*** MATERIAL PROVIDED Section Begins ***

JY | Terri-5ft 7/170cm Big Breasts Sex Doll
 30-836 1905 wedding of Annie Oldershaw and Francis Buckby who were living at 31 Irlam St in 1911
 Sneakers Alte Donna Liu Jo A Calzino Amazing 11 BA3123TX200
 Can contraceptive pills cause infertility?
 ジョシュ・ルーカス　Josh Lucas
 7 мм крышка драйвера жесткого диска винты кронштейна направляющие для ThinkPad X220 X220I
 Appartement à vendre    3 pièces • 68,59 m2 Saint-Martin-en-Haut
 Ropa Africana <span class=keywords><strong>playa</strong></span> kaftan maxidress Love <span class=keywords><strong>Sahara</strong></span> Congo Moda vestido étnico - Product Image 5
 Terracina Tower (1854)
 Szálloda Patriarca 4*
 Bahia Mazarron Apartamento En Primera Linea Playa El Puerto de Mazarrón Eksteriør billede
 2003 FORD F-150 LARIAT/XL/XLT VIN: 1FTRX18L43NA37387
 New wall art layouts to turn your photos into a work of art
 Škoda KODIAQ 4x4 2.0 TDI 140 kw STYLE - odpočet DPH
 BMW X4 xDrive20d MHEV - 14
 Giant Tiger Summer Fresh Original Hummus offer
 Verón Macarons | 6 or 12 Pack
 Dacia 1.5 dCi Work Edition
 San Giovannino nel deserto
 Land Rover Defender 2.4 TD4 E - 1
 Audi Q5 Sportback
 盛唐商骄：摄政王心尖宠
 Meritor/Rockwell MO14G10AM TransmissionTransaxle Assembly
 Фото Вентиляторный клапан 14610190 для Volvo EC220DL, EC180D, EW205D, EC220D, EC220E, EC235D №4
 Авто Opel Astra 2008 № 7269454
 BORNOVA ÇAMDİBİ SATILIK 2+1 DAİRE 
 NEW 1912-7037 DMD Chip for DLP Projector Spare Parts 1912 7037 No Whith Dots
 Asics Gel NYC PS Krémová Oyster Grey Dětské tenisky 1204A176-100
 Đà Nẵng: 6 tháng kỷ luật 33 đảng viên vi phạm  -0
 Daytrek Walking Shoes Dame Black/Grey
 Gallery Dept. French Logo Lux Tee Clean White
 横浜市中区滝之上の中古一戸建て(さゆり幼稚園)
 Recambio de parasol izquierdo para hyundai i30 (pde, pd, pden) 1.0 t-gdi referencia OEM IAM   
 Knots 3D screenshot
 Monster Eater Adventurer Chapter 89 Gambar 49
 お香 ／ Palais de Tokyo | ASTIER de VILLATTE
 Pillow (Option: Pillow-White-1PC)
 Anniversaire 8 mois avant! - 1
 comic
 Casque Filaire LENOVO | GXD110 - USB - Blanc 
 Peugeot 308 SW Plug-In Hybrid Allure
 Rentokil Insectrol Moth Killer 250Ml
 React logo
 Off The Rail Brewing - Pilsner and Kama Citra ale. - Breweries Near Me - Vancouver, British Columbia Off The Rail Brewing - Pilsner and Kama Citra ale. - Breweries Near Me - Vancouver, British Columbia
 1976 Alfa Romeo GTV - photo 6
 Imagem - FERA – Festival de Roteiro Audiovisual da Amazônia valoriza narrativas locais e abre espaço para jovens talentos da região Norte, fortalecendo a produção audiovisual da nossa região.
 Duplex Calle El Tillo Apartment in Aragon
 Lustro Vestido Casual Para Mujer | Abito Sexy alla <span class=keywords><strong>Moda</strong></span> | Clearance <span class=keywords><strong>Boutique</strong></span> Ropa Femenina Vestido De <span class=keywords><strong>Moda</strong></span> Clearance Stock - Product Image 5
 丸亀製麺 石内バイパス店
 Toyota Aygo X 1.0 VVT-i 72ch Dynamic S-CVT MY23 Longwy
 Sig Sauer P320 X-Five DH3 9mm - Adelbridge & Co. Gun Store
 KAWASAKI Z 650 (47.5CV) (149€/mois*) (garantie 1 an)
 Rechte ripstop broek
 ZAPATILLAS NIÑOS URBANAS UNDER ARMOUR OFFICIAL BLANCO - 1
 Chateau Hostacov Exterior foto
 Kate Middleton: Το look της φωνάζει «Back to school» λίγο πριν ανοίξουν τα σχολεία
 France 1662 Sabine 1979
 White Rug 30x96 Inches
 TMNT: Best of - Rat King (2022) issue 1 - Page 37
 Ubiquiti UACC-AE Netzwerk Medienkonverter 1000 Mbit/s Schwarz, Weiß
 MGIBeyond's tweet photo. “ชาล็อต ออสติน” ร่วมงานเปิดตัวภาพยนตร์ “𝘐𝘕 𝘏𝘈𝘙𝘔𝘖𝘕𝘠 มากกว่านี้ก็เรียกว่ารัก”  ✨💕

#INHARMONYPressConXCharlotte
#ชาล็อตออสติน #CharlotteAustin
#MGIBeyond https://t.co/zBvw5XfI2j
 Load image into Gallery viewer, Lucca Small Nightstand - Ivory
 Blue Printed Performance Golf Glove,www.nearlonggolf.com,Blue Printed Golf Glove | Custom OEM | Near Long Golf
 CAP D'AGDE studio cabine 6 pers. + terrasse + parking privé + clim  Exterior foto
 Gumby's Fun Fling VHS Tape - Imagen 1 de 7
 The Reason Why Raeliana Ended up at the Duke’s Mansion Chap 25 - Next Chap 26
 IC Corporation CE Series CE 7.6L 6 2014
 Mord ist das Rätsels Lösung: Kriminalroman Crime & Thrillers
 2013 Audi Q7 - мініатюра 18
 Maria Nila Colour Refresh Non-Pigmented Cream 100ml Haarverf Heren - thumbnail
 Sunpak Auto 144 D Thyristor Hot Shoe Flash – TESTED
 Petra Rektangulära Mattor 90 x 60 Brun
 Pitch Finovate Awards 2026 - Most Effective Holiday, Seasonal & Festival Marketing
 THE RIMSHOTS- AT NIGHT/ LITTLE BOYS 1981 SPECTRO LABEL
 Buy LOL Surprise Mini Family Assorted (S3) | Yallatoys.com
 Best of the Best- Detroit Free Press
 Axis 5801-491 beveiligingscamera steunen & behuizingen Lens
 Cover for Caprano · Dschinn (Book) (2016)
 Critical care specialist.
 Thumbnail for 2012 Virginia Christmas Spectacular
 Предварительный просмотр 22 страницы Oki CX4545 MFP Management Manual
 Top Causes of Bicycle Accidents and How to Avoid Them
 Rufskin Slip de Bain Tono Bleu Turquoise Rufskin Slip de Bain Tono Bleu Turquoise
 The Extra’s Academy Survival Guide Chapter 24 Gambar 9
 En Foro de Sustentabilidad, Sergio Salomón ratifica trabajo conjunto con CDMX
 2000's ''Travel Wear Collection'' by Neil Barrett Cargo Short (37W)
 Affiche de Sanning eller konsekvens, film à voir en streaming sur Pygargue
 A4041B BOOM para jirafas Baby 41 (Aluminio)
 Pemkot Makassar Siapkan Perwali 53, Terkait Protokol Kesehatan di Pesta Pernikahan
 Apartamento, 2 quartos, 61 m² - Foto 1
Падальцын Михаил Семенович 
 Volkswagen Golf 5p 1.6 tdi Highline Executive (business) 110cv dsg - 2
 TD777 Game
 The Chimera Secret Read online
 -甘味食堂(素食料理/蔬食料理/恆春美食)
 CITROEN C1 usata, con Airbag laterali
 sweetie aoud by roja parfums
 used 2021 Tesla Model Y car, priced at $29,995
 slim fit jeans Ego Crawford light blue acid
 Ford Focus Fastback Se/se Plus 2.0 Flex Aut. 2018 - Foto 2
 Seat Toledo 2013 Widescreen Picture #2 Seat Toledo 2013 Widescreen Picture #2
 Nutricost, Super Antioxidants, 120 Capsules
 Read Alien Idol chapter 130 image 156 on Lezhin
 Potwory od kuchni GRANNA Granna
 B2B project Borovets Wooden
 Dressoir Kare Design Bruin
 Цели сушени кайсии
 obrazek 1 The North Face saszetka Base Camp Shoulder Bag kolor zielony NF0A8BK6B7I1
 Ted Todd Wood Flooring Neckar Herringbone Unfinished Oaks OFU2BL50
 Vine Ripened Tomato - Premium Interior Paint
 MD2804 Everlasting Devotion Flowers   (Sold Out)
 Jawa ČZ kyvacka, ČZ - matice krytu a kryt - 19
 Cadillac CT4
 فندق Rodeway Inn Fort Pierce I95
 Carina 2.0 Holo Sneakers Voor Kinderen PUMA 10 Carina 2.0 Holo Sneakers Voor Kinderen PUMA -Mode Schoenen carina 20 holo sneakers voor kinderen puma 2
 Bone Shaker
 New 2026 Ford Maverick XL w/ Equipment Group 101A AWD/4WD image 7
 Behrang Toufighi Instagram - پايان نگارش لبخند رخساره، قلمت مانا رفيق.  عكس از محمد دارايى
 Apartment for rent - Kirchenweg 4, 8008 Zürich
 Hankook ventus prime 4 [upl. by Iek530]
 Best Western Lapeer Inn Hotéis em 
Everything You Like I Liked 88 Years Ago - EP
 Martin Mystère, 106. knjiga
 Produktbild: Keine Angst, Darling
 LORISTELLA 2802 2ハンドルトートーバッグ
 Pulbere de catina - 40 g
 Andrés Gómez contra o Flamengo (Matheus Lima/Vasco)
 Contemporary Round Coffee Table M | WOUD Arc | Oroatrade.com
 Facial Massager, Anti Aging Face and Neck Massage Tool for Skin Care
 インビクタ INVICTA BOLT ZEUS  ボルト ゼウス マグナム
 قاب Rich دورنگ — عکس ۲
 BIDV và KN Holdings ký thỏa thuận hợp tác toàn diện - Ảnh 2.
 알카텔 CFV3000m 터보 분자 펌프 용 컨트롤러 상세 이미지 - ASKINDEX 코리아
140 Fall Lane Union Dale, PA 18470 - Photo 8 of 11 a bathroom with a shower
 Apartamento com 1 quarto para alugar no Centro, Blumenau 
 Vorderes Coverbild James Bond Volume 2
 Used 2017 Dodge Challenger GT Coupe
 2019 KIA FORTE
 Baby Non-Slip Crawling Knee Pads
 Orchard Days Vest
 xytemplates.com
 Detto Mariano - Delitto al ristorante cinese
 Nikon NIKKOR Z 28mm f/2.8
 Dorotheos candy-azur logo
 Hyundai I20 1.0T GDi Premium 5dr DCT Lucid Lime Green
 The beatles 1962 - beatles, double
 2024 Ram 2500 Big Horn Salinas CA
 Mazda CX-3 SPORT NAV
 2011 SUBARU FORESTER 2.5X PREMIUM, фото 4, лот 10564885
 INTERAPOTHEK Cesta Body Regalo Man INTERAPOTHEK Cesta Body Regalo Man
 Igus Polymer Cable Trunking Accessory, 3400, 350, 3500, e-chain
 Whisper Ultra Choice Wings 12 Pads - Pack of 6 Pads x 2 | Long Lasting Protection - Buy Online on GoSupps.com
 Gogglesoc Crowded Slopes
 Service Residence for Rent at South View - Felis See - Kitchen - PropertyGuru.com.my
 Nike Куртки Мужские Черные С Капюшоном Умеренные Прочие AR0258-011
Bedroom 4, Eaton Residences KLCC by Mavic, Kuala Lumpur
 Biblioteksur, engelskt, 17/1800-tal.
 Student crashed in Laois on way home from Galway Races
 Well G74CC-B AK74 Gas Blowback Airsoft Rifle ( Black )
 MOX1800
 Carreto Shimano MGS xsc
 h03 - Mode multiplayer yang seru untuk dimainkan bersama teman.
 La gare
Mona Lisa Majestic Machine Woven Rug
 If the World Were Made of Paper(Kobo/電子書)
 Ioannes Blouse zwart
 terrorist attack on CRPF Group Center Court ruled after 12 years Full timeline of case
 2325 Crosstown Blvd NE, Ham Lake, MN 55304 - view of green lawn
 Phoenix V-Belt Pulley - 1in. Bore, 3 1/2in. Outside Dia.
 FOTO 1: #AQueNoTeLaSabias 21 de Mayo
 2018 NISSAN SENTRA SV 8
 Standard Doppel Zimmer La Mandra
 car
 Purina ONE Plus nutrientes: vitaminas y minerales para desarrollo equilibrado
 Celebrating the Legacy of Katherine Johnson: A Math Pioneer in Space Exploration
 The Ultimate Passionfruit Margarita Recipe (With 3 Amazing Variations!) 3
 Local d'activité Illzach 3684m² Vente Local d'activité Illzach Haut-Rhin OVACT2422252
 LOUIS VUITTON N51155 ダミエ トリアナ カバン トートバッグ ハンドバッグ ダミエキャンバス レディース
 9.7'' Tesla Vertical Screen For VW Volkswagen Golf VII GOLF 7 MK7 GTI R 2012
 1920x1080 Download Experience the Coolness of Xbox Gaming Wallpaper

*** MATERIAL PROVIDED Section Ends ***

> **DESCRIPTION OF THE TASK**
Word for word, restate the lines of the data above that fall between the line holding "INTERAPOTHEK Cesta Body Regalo Man INTERAPOTHEK" and the line holding "Carreto Shimano MGS xsc", inclusive, and no other lines.

> **ANSWER SECTION**
 INTERAPOTHEK Cesta Body Regalo Man INTERAPOTHEK Cesta Body Regalo Man
 Igus Polymer Cable Trunking Accessory, 3400, 350, 3500, e-chain
 Whisper Ultra Choice Wings 12 Pads - Pack of 6 Pads x 2 | Long Lasting Protection - Buy Online on GoSupps.com
 Gogglesoc Crowded Slopes
 Service Residence for Rent at South View - Felis See - Kitchen - PropertyGuru.com.my
 Nike Куртки Мужские Черные С Капюшоном Умеренные Прочие AR0258-011
Bedroom 4, Eaton Residences KLCC by Mavic, Kuala Lumpur
 Biblioteksur, engelskt, 17/1800-tal.
 Student crashed in Laois on way home from Galway Races
 Well G74CC-B AK74 Gas Blowback Airsoft Rifle ( Black )
 MOX1800
 Carreto Shimano MGS xsc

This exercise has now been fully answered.